WHAT NEEDS TO BE DONE:
Beginning at the line containing "CRESCENT HILLS - Residential", give again every line through the end of the data, unchanged and with both ends included. Drop any pictures.

- Opening Delimiter -

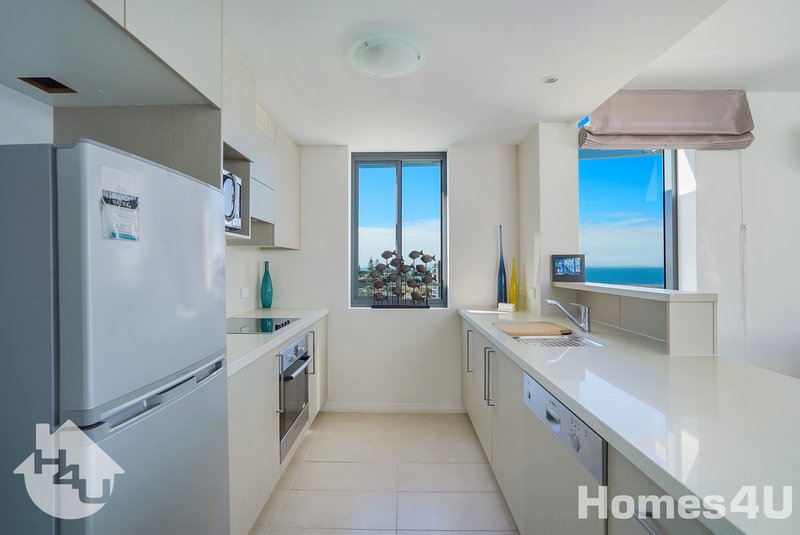 Photo - 504/14 Oxley Avenue, Woody Point QLD 4019 - Image 7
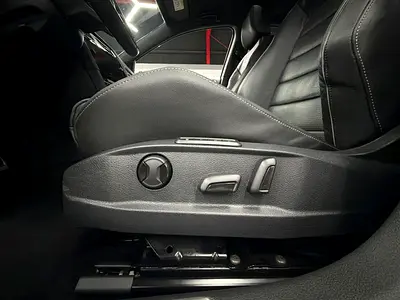 صورة 14 لـ 2019 Volkswagen GOLF R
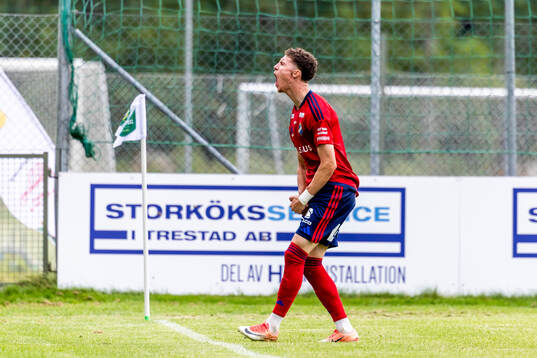 Östers Samuel Burakowsky har gjort 2-3 och jublar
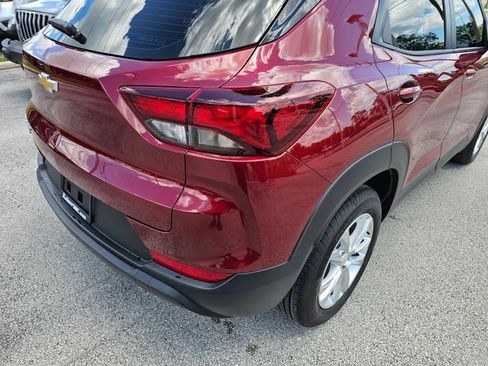 Used 2023 Chevrolet TrailBlazer LS FWD image 13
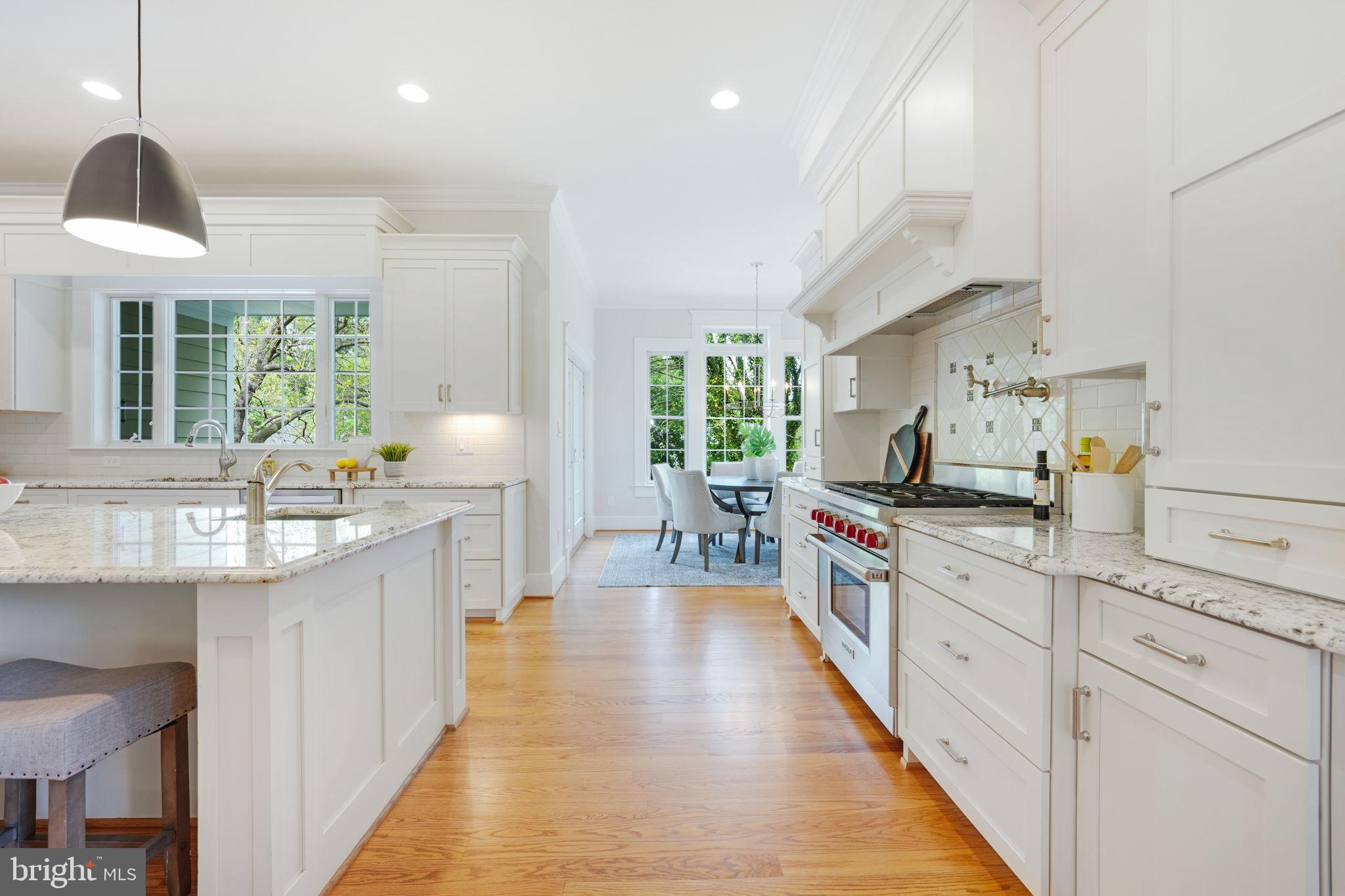 CRESCENT HILLS - Residential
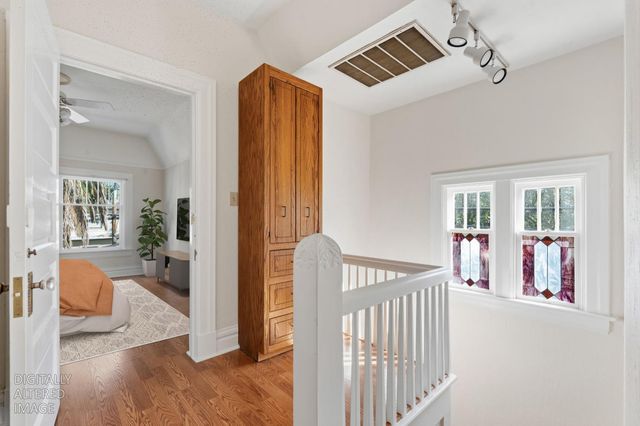 714 18th St, Sacramento, CA 95811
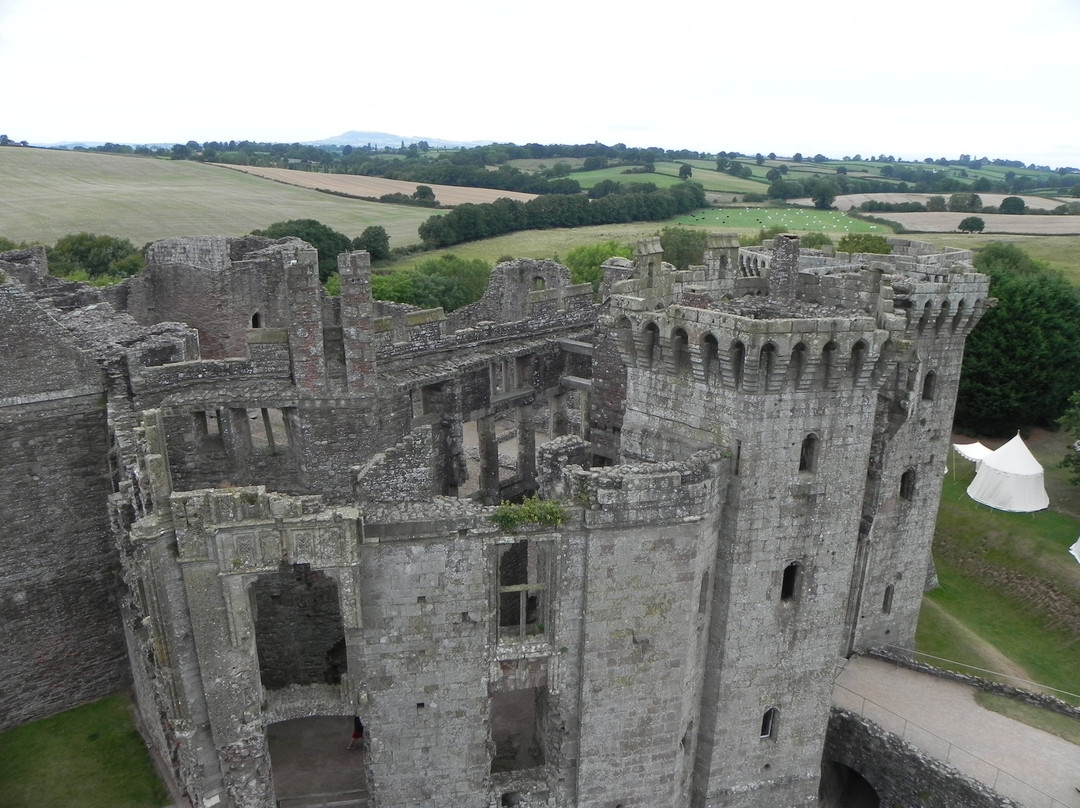 Raglan Castle景点图片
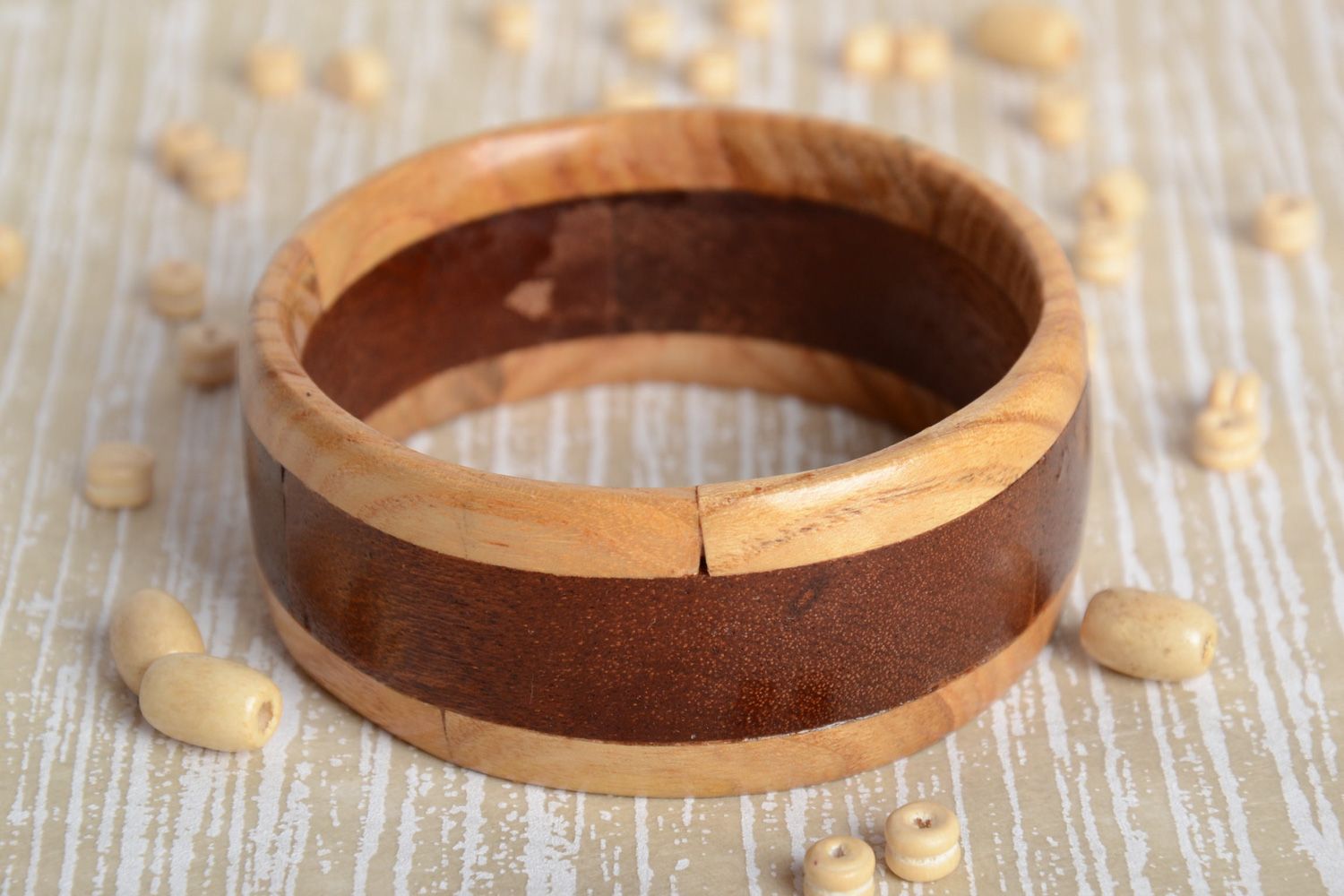 Bracelet en bois fait main original large avec incrustations cadeau pour fille  photo 1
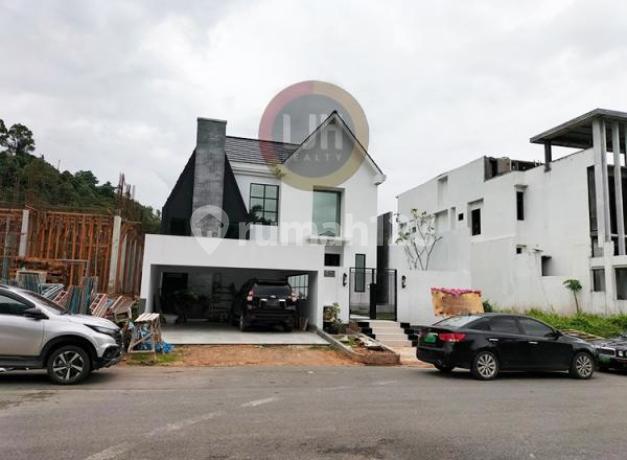Dijual Rumah Mewah 2 Lantai Di Perumahan Crown Hill Estate Batam Centre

- Closing Delimiter -

EXPECTED ANSWER:
 CRESCENT HILLS - Residential
 714 18th St, Sacramento, CA 95811
 Raglan Castle景点图片
 Bracelet en bois fait main original large avec incrustations cadeau pour fille  photo 1
Dijual Rumah Mewah 2 Lantai Di Perumahan Crown Hill Estate Batam Centre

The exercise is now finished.